Rather than data, the presentation leaned heavily on student anecdotes—stories from a handful of Camden high schoolers who expressed pride in their schools and frustration with public perceptions. The speaker argued that the “failing schools” narrative is used to justify privatization and redevelopment and said he “hates” the rise of state-driven charter schools, though he wished success for the students who attend them.
It was a compelling talk—part sociology, part sermon—but it also felt detached from the real work of improving schools. Poverty undoubtedly affects outcomes, yet to treat income as destiny is to abandon the very idea that schools can make a difference. Across New Jersey, schools with nearly identical demographics achieve vastly different results. Within those schools, measurable gains appear when leadership focuses on coherent curriculum, additional instructional time, targeted tutoring, and clear expectations. Those realities don’t erase poverty; they prove that practice still matters.

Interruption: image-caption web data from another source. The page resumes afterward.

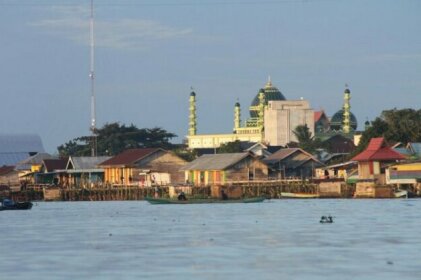 Arut Riverside Orangutan Guest house
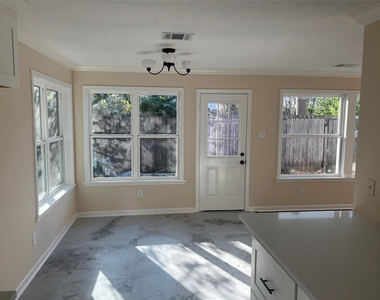 8023 Carmel Circle - Photo Thumbnail 13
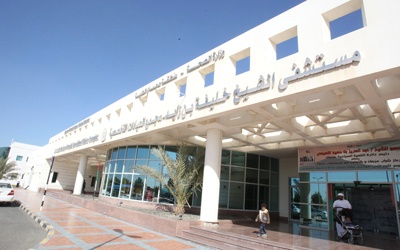 بعد وفاة أمّه.. نجاة رضيع بأعجوبة بعد سقوطه من الطابق الخامس في عجمان!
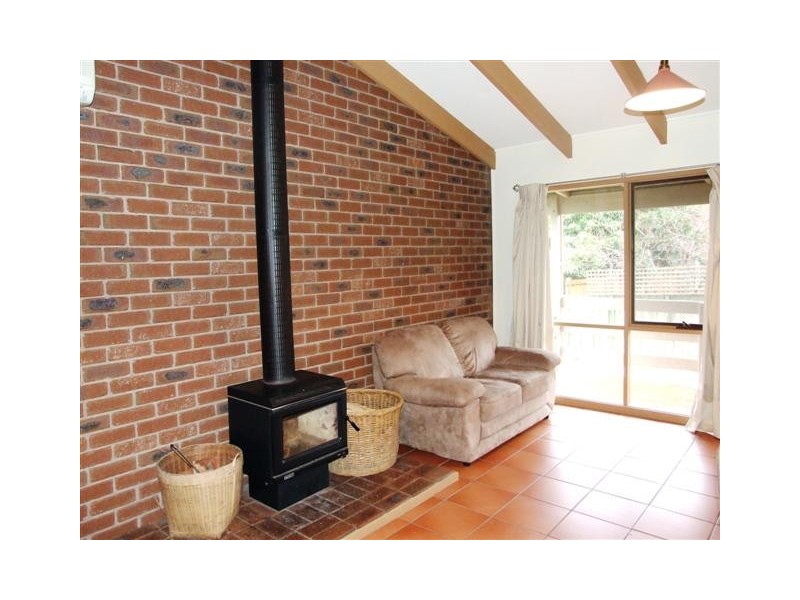 11 Church Street, Cowes VIC 3922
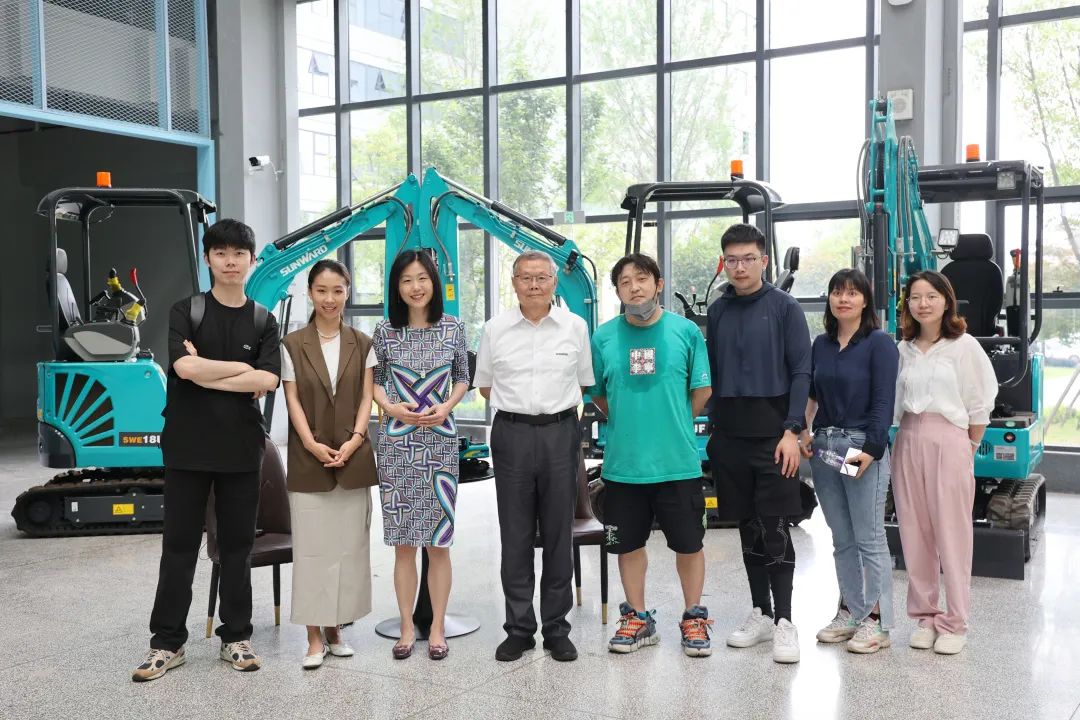 CGTN探厂！专访鸿运国际智能董事长、、首席专家何清华花絮来了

After the session, I made my way to the exhibition hall for a highly publicized presentation titled The Past, Present, and Future of Drag. The presenters spoke courageously about their personal experiences, and the discussion—focused on how to incorporate the story of drag into classroom lessons—was thoughtful and civil.
This was followed by a scheduled session titled Teaching Palestine, which was relocated at the last minute. By the time I found the new room, the doors were closed. Later reports indicated that a Jewish attendee had to be escorted out for their own safety. Perhaps it was images like the one shown below, during the session—slides that blurred the line between advocacy and hostility—that pushed things over the edge. It seems the NJEA’s issues with latent antisemitism, once confined to its former magazine editor, may now run deeper within the organization itself…
In fact, the Anti-Defamation League of New York and New Jersey, the American Jewish Coalition, and the Jewish Federations of New Jersey, released a statement condemning the workshop, saying, “at a time of record levels of antisemitism, NJEA platformed content demonizing Israel, Israelis, and Zionism, and recycling classic antisemitic tropes.”
Individually, there was nothing inherently wrong with any of the sessions I attended. A keynote thanking teachers, a discussion about identity and community, a reflection on cultural representation—each, on its own, has some value. But this was a professional development convention sponsored by the state’s largest teachers’ organization, one that claims to focus on strengthening the profession and, through it, improving outcomes for New Jersey’s students.
Of the dozens of sessions offered, I found very few with any clear connection to classroom instruction or measurable student growth. Instead, the agenda leaned heavily toward ideology, self-expression, and political advocacy. While no one should object to open dialogue or diverse perspectives, professional development should, above all, develop professionals. Teachers deserve opportunities that sharpen their craft. Students deserve classrooms where the adults have access to the best tools, research, and training available—and they should be spared any form of political or ideological indoctrination.
If the NJEA truly wants to champion professionalism, it should fill next year’s schedule with sessions that help teachers teach—clear, actionable, replicable ideas that raise achievement. Politics may inspire applause, but only evidence and execution improve learning.